Tuesday, September 9, 2014

Our first expedition: Biking and Farming!

We're back! This past week we visited four different farms, biking and working and learning. Each farm provided us with a different view of organic agriculture in New England and we came away from the expedition with a new appreciation for how our food is grown and where it comes from.

We left Tuesday morning and barely made it a kilometer before Isaiah got a flat, so we spent a nice hour by Lake Warren while he went back to Kroka for a new tire. Then we pulled ourselves together and biked 34.6 km through forests and over mountains in a thunderstorm to Hillside Springs farm. We arrived soaked just after the clouds parted and the sun began to shine though and warm our tired bodies. That night we set camp in a magical spot in the woods next to the horse pasture, and awoke early to pull and top onions and learn from Frank the farmer about New England history, biodynamic farming and his own vision of how to feed a community. Frank and his wife Kim came to the land in the early 2000s with a vision of an organic farm powered by horses (seriously, they have four beautiful horses and no tractors.) Now they run a CSA that feeds 100 families, and grow everything with love according to biodynamic and organic standards. It was truly inspiring to see a small family farm thriving and setting an fabulous example of organic, local eating.

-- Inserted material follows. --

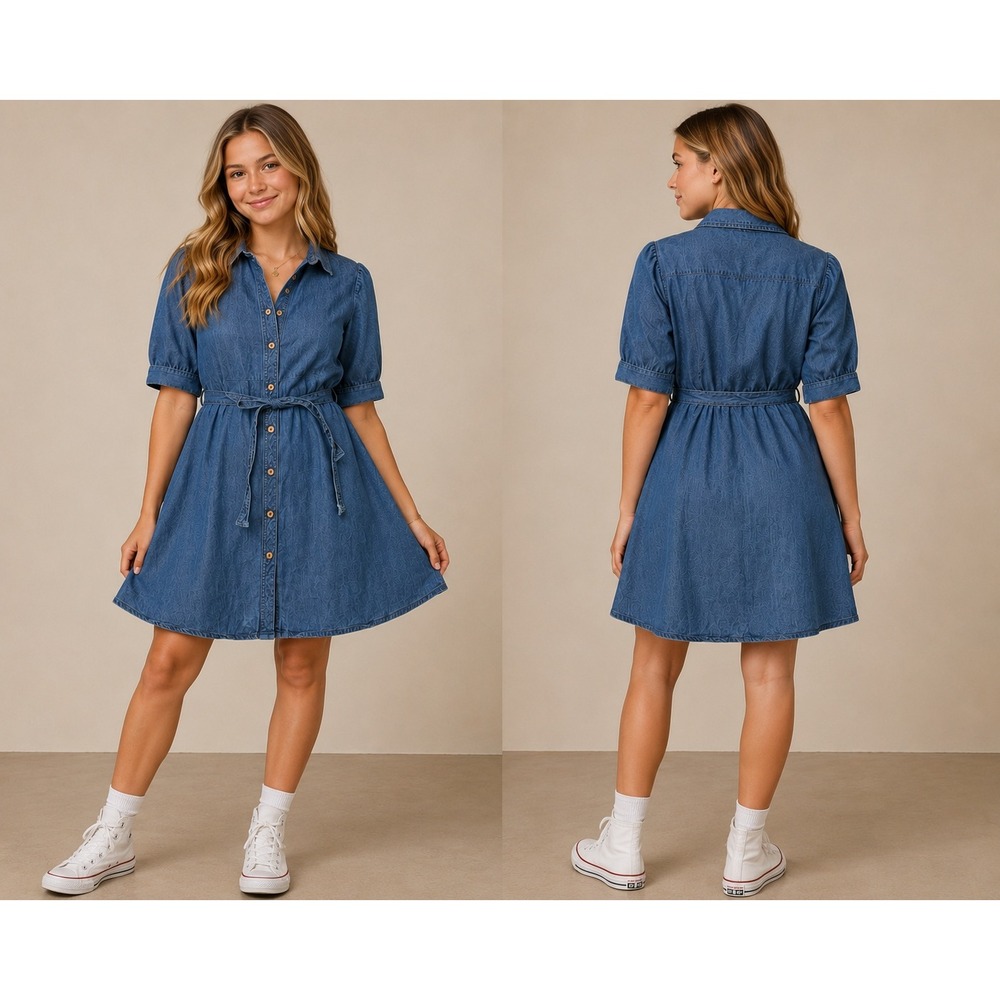 Wonder Nation Girls Blue Denim Shirt Dress Button Front Belted Size Large 10-12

On Thursday we said goodbye to Hillside Springs and biked to Harlow's Farm via a 5-hour detour on trails through the woods. The trail was relatively easy mountain biking most of the time, and we spent a good amount of time on old railroads converted into trails so the paths were flat, sometimes with earth sloping steeply away on each side and sometimes with rock formations growing up around us. While the extra time caused us to push back our schedule, in the end the woods were so enriching that it was worth it. We slept that night in a field at Harlow's Farm and spent the morning working the fields and listening to Paul Harlow's farming story and vision. Harlow's stood out for us in sharp contrast to Hillside Springs. At Hillside Springs Frank is intimately in touch with the land and works hand-in-hand with his customers; at Harlow's, Paul acts as a supervisor and most of the work is done by employees and fancy machinery. Paul dreams of feeding this area of Vermont and New Hampshire someday but right now he ships off the bulk of his delicious organic crops to grocery stores throughout New England.

We left Harlow's in time to bike only a few kilometers to Basin Farm before lunch, where they fed us lots of wonderful food and we helped them harvest squash. Basin Farm is a community founded on the Twelve Tribes religion that strives to follow the teaching of the Bible by living together and sharing in the work, the worry and the joy. It was a very interesting experience to spend a day with a community so very different from Kroka yet holding some of the same principles such as community and respect for the earth.

Saturday morning we bid farewell to everyone at Basin Farm and biked up out of the Connecticut River Valley towards home. Originally we had planned to camp in the woods but after searching and not finding a good spot we voted to push through to our next farm, Orchard Hill. There was a beautiful campsite at Orchard Hill and it was a wonderful last night for the expedition, plus they had composting toilets!! In the morning we talked to Anton and learned about the history of his land and its evolution from a big organic apple farm and cider maker in the 1970's to the cooperative, school, farm, bakery and orchard that it is today. We left before lunch, apples stuffed into the nooks and crannies of our dry-bags and backpacks and arrived back at Kroka stronger, deeper and closer to each other. This being our first expedition we learned a lot, and it gave us a taste of what we can expect on longer expeditions in Ecuador.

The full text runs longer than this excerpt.